Battle of Honey Springs

Anthony Lander Horwitz (June 9, 1958 – May 27, 2019) was an American journalist and author who won the 1995 Pulitzer Prize for National Reporting.

His books include One for the Road: a Hitchhiker's Outback, Baghdad Without a Map, Confederates in the Attic, Blue Latitudes (AKA Into the Blue), A Voyage Long and Strange: Rediscovering the New World,[2] Midnight Rising: John Brown and the Raid That Sparked the Civil War (2011),[3] and Spying on the South: An Odyssey Across the American Divide.[4]

Early life and education

He was born in Washington, D.C., the son of Norman Harold Horwitz, a neurosurgeon,[5] and Elinor Lander Horwitz, a writer. Horwitz was an alumnus of Sidwell Friends School, in Washington, D.C. He graduated Phi Beta Kappa as a history major from Brown University and received a master's degree at the Columbia University Graduate School of Journalism.

Writing career

Horwitz won a 1994 James Aronson Award and the 1995 Pulitzer Prize for National Reporting for his stories about working conditions in low-wage America published in The Wall Street Journal.

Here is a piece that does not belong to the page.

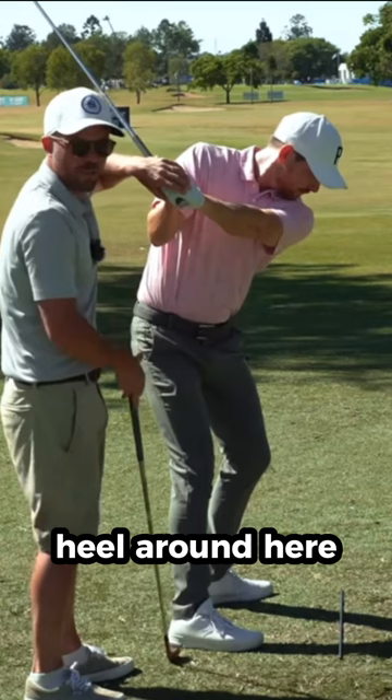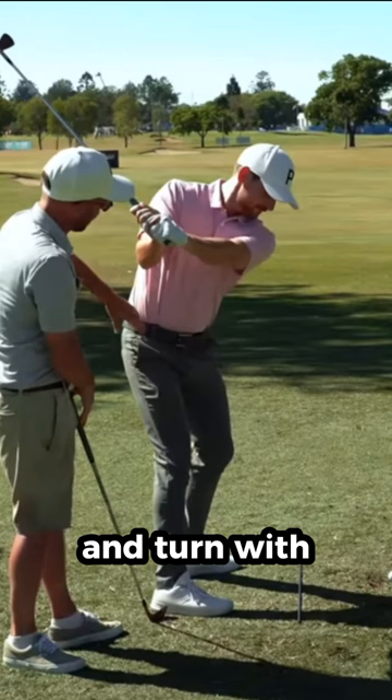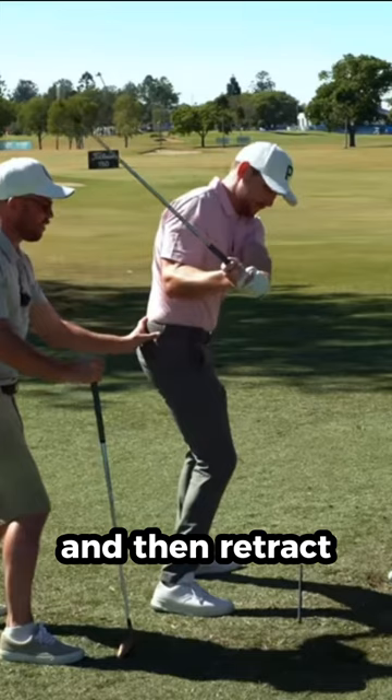This is a really good checkpoint, and there are outliers out there, trust me — but this is a great checkpoint. Carrad can only get here with good arm structure and turn, with a lot of good rotation. He can't get there if I put him back and then retract the arms. It's challenging to actually get that depth on the way back.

He also worked as a staff writer for The New Yorker and as a foreign correspondent covering conflicts in Africa, Europe, and the Middle East.[6]

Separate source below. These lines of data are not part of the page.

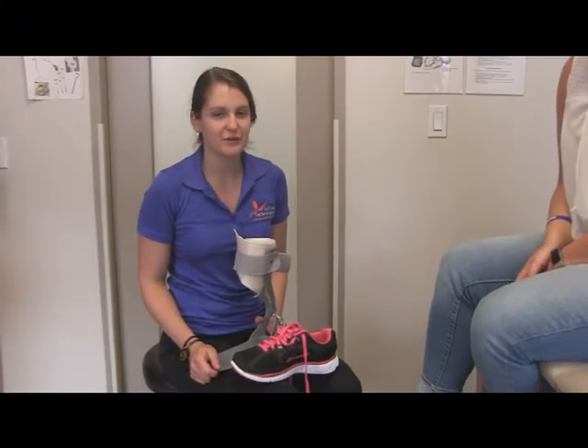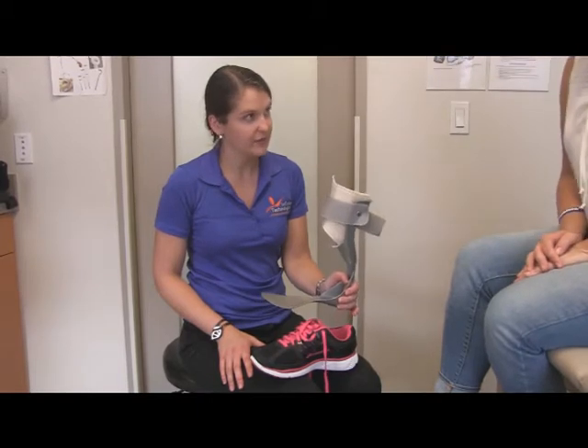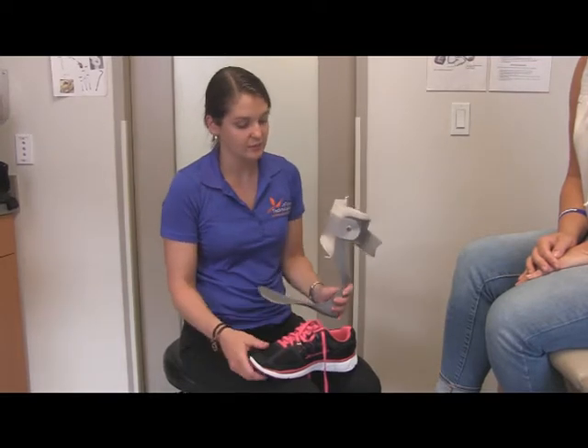Today we're going to be fitting our patient with a prefabricated or off-the-shelf AFO. This is done in one of two ways. The first way is placing the AFO in the shoe first and then having the patient place their foot in the shoe after. The second way is to put their foot on the brace first and then place the shoe on their foot with the brace afterwards.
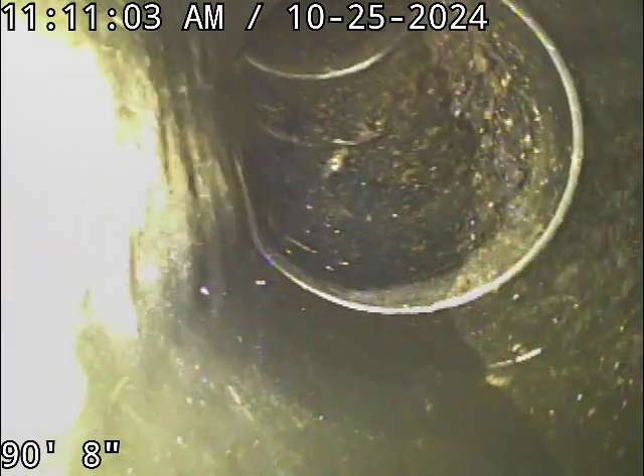We're going into the backflow valve and there is a 4-inch cast-iron clean-out. This is just easier — we're not going to have to go reef on a clean-out.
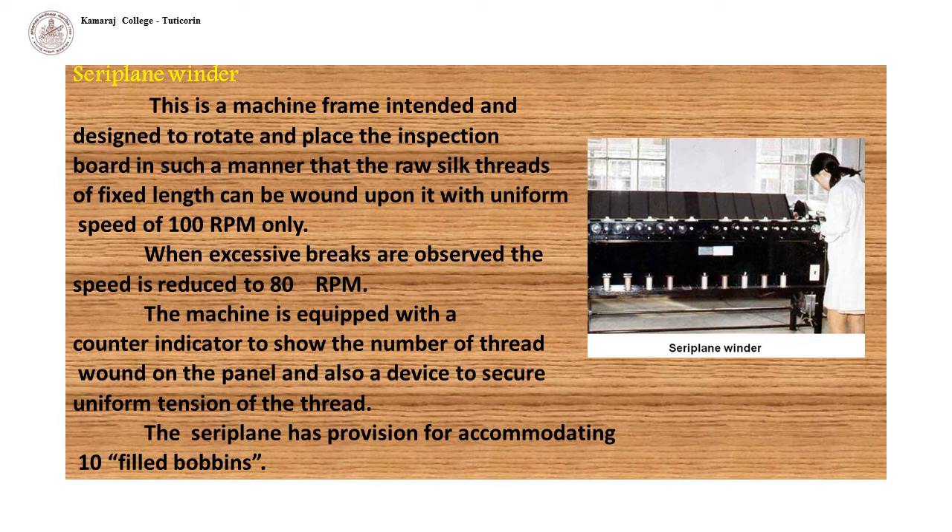The Seriplam winder is a machine frame designed to rotate and place the inspection board so that raw silk threads of fixed length can be wound upon it with uniform spread at 100 RPM. When excessive breaks are observed, the speed is reduced to 80 RPM. The machine is equipped with a counter indicator showing the number of threads wound on the panel and a device to secure uniform tension. The Seriplam accommodates 10 filled bobbins.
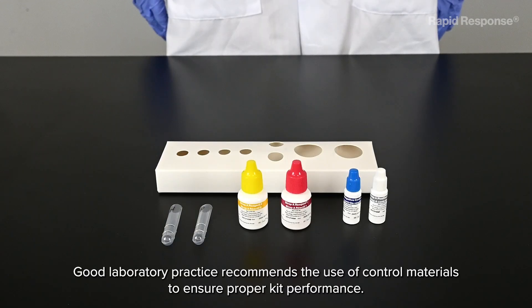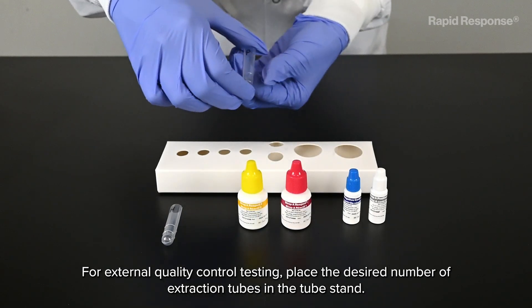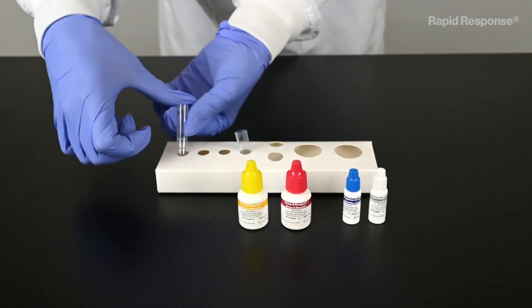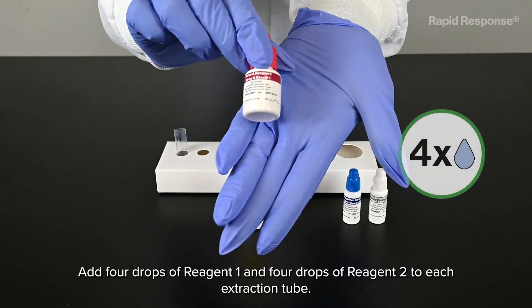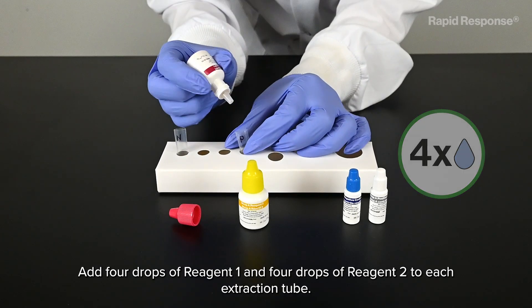Good laboratory practice recommends the use of control materials to ensure proper kit performance. For external quality control testing, place the desired number of extraction tubes in the tube stand. Add four drops of reagent 1 and four drops of reagent 2 to each extraction tube.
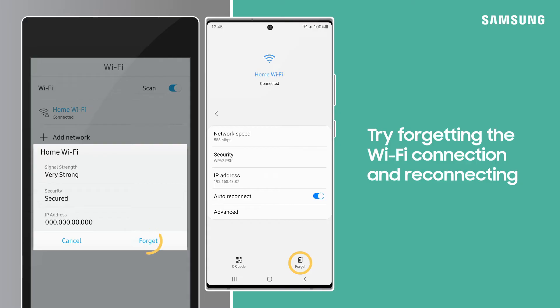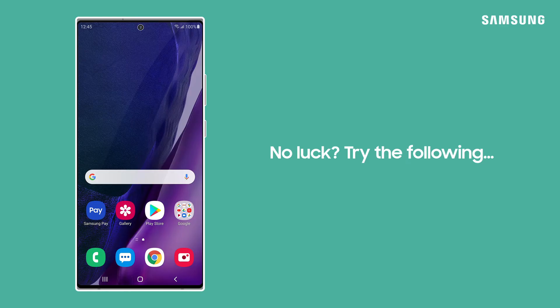You can also try forgetting the Wi-Fi connection and then try reconnecting. Still can't connect? Try out the following.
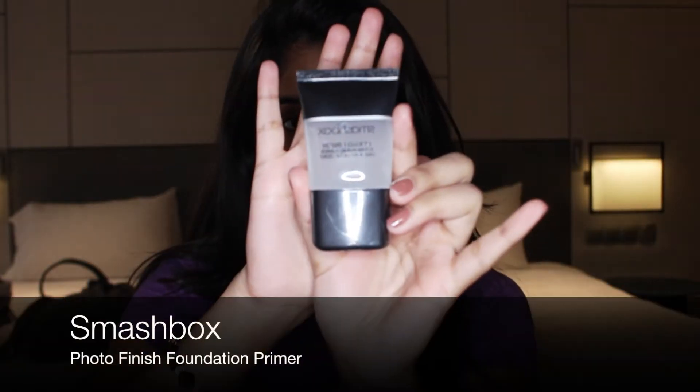Hi guys and welcome back to my channel. Today's look is going to be a bohemian look. If there are any interruptions in the background, it's because I'm on a family vacation in Penang right now, and my brother, father, or cousins will be all over the background. Sorry for that, but if you're interested in getting this look, keep watching.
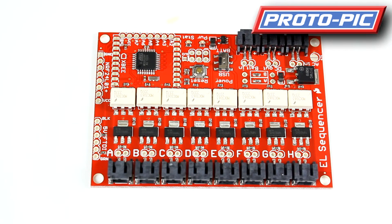Hi, welcome to protopic.co.uk. This is a new product video. We've only got one product for you this week: the EL Sequencer from SparkFun.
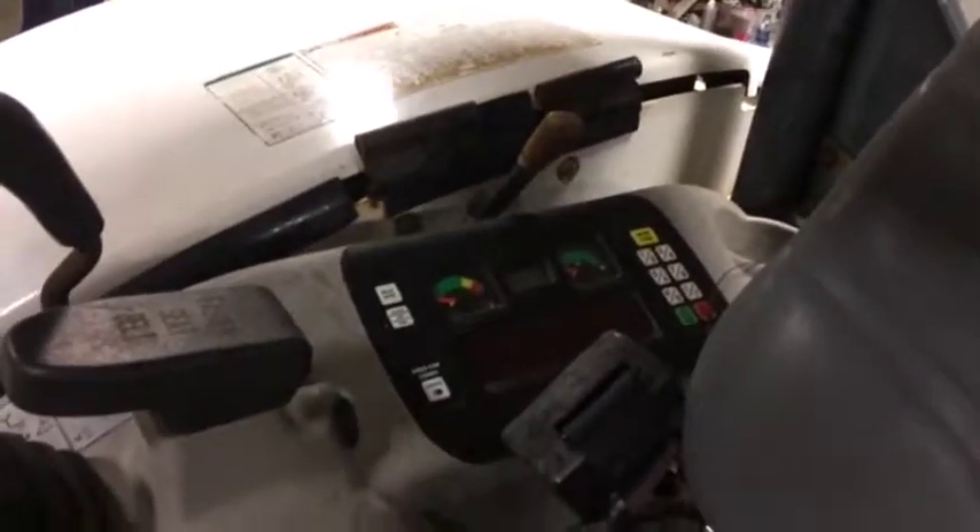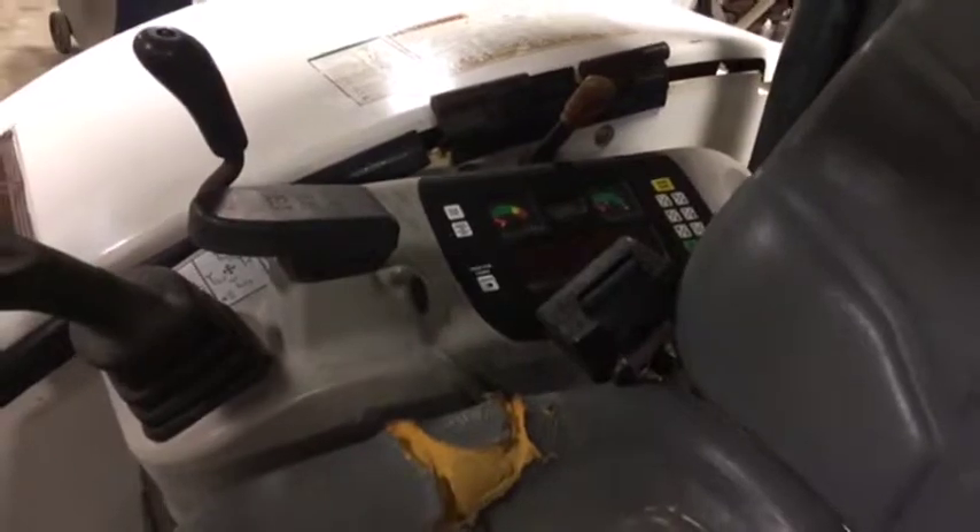Front boom swings left and right. You can see this thing does have a nice instrument panel — code key input, there's no key, it's a push button start. Throttle there, and there's your blade control.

He documented his venture into e-publishing and reaching best-seller status in that venue in an opinion article for The New York Times.[7]

In 2019 he began writing and lecturing for the Gertrude Polk Brown Lecture Series at The Filson Historical Society. His book Spying on the South: An Odyssey Across the American Divide focuses on the early New York Times journalist and correspondent Frederick Law Olmsted's travels through the South.[8]

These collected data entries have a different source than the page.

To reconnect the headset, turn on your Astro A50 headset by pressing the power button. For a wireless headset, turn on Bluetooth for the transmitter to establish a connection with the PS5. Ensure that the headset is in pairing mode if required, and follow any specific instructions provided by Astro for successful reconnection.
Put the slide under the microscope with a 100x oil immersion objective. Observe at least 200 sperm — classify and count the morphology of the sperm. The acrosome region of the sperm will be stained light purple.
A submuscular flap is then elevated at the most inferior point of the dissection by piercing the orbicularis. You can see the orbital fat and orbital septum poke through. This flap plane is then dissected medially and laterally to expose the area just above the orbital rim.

He was a fellow at the Radcliffe College Center of Advanced Study and a past president of the Society of American Historians, which in 2020 established the Tony Horwitz Prize honoring distinguished work in American history of wide appeal and enduring public significance.[9][10]

Personal life

Horwitz married the Australian writer Geraldine Brooks in France in 1984.[11] They had two children.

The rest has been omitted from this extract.